Um grito de socorro
Uma sensação estranha tem me rondado ultimamente. Uma espécie de obrigação de celebração diária da vida, afinal o Estado genocida ainda não me encontrou diretamente, embora atinja e afronte toda a comunidade negra diariamente. Como celebrar uma vida negra em meio a tantas tragédias?
Vivenciar a masculinidade negra é, de fato, um desafio e tanto. Não nos é permitido representação em espaços de poder. Encontramos nossos semelhantes em páginas policiais e nos necrotérios. Somos o povo considerado perigoso, comparados ao instinto animal que exalando virilidade (estupradores em potencial?) desde o tempo da escravidão precisa ser policiado. A licença para matar foi declarada à carne mais barata do mercado, afinal, como declarou o filósofo negro Frantz Fanon(1) (1958), o homem negro no imaginário ocidental, não é um homem, antes ele é um negro.
Cada expressão negra que sai de suas casas, por si só, há no mínimo 500 anos, pratica resistência. A grande dúvida é se voltaremos a salvo. Caso contrário, fica a inquietação se a mídia lançaria uma nota como “Efeito colateral da guerra ao tráfico”. Arrisco dizer que o genocídio negro no Brasil tem ceifado vidas tanto quanto países em guerra. O peito sangra, mas jamais calará nossas vozes.
Mas retornando o questionamento inicial: “como celebrar uma vida negra em meio a tantas tragédias?” – Nunca há momento para tal feito. Vivemos em luto de prazo indefinido a cada corpo preto que cai ao chão. Hoje, minha forma de viver a masculinidade negra, é resistir e esperar que eu e meus irmãos de cor não sejamos mais alvos ou desculpas do Estado e da sociedade racista.
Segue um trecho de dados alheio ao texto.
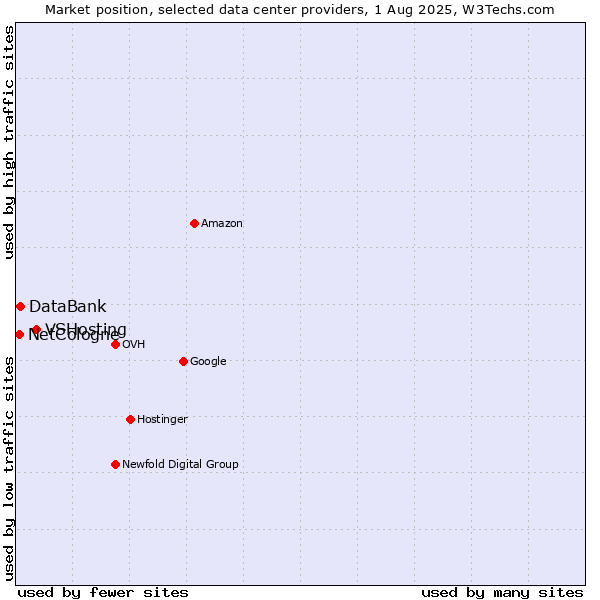 Market position of VSHosting vs. DataBank vs. NetCologne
Hoje, eu rezo por Wilton Esteves Domingos Júnior, Roberto de Souza Penha, Cleiton Corrêa de Souza, Wesley Castro e Carlos Eduardo da Silva Souza e tantos outros que foram privados de resistir. Resiliência e Ubuntu para todos nós.
(1) Frantz Fanon (1925-1961): Psiquiatra, filósofo e ensaísta francês da Martinica, de ascendência francesa e africana. Fortemente envolvido na luta pela independência da Argélia, foi também um influente pensador do século XX sobre os temas da descolonização e da psicopatologia da colonização.
Patrick, é realmente difícil forjar a felicidade e celebrar a vida quando se tem consciência do sofrimento que as minorias sofrem nesse país. Eu jamais vou entender o que você sente, pois sou pardo de pele clara e nunca sofri racismo, mas pelo que imagino já fico revoltado. Parabéns pela resistência.